* **ABOUT THIS EXERCISE**: Copy out the records in full, word for word, without pictures.
-------- PROVIDED ENTRIES
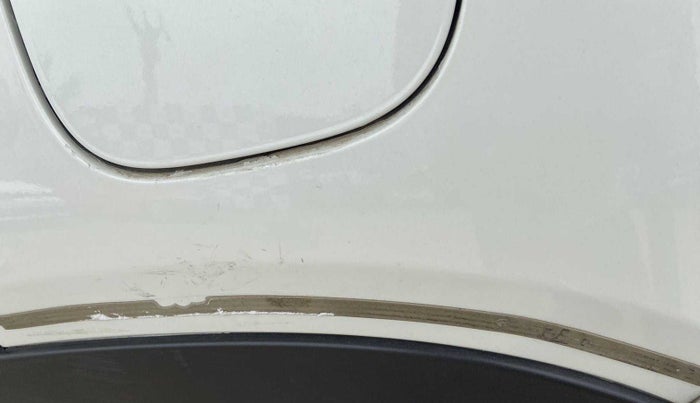 2017 Maruti Vitara Brezza ZDI PLUS, Diesel, Manual, 81,709 km, Left quarter panel - Cladding has minor damage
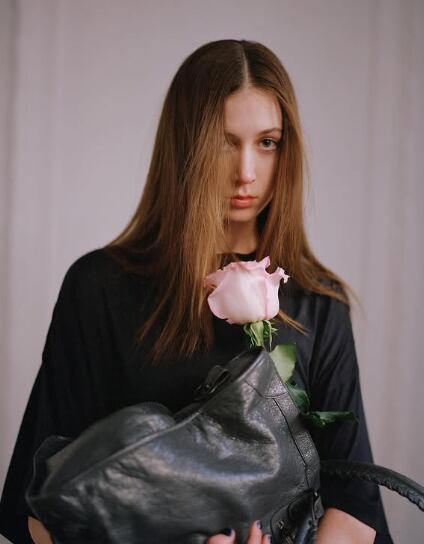 Sunday Rose cambió de look / Foto: Instagram @sundayrose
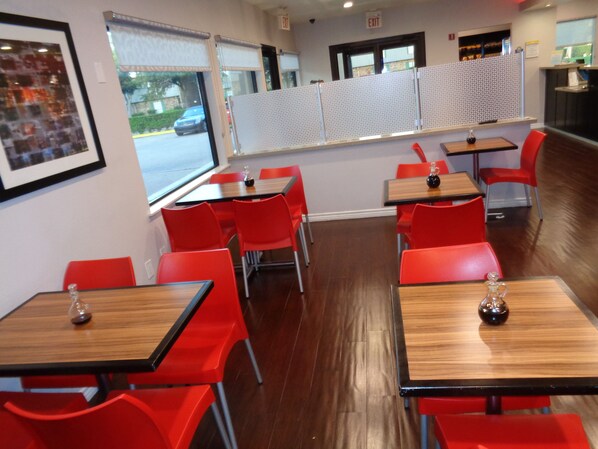 Desayuno para llevar incluido todos los días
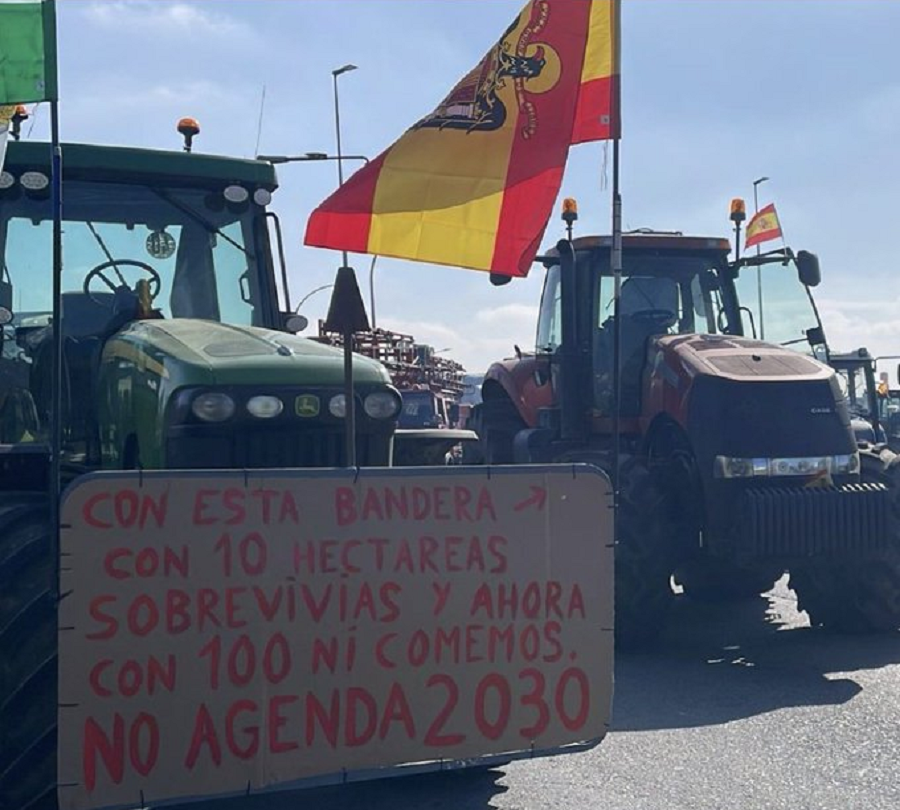 LosPajarosPican's tweet photo. Niegan el cambio climático que es lo que más les perjudica. 
Critican a la UE y llevan 40 años viviendo del PAC. 
No quieren inmigrantes y los tienen recogiendo lechugas a 5 euros la hora. 

Agricultores fachas, si no existiesen habría que inventarlos... https://t.co/TNciGmEk5M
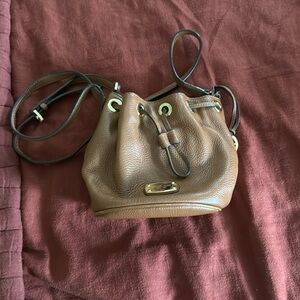 Michael Kors Small Bucket Bag in Camel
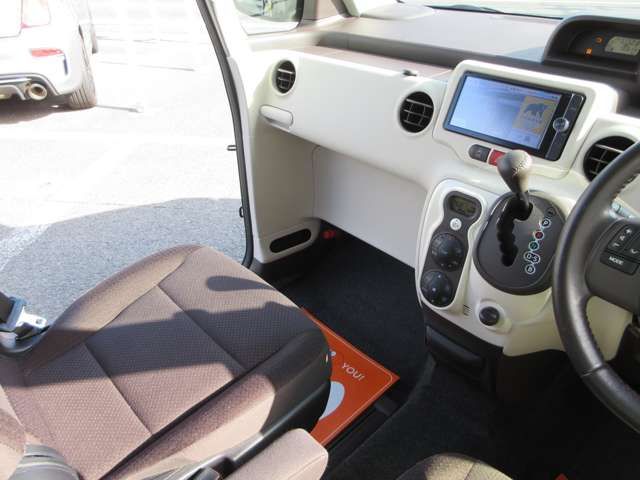 TOYOTA PORTE 2013 Image 31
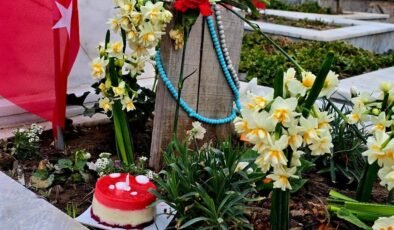 Hatay’da mezarlıklarda hüzün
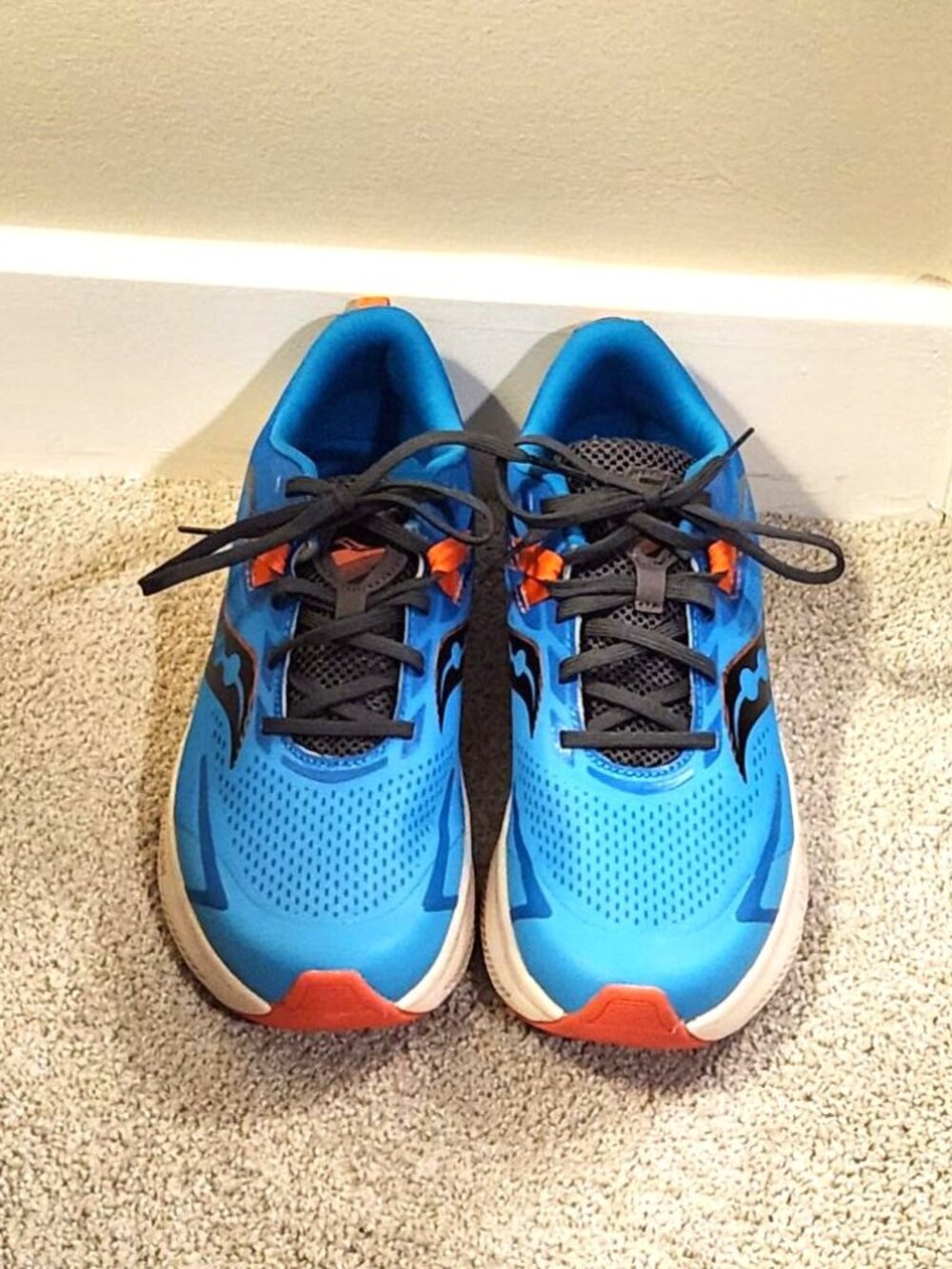 Saucony Ride 15 unisex running shoes (women's size 8.5/men's size 7)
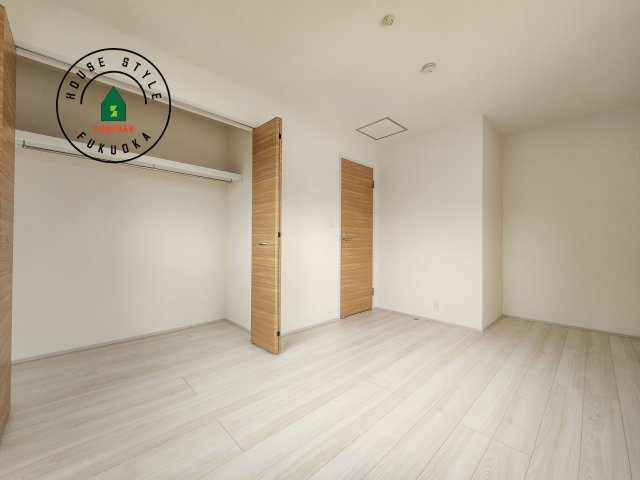 福岡市博多区南八幡町1丁目第1-3棟（3号棟）の寝室|主寝室には収納力に優れたクローゼットがありますので、お部屋もすっきり片付きます。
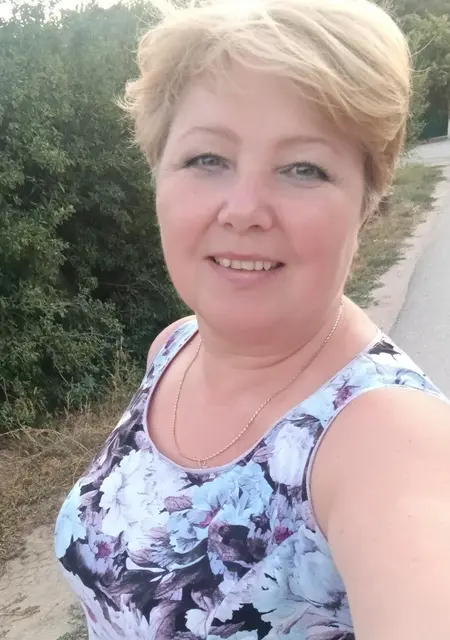 Танюша из Волгограда, ищу на сайте общение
----------------
* **PROBLEM SOLUTION**:
 2017 Maruti Vitara Brezza ZDI PLUS, Diesel, Manual, 81,709 km, Left quarter panel - Cladding has minor damage
 Sunday Rose cambió de look / Foto: Instagram @sundayrose
 Desayuno para llevar incluido todos los días
 LosPajarosPican's tweet photo. Niegan el cambio climático que es lo que más les perjudica. 
Critican a la UE y llevan 40 años viviendo del PAC. 
No quieren inmigrantes y los tienen recogiendo lechugas a 5 euros la hora. 

Agricultores fachas, si no existiesen habría que inventarlos... https://t.co/TNciGmEk5M
 Michael Kors Small Bucket Bag in Camel
 TOYOTA PORTE 2013 Image 31
 Hatay’da mezarlıklarda hüzün
 Saucony Ride 15 unisex running shoes (women's size 8.5/men's size 7)
 福岡市博多区南八幡町1丁目第1-3棟（3号棟）の寝室|主寝室には収納力に優れたクローゼットがありますので、お部屋もすっきり片付きます。
 Танюша из Волгограда, ищу на сайте общение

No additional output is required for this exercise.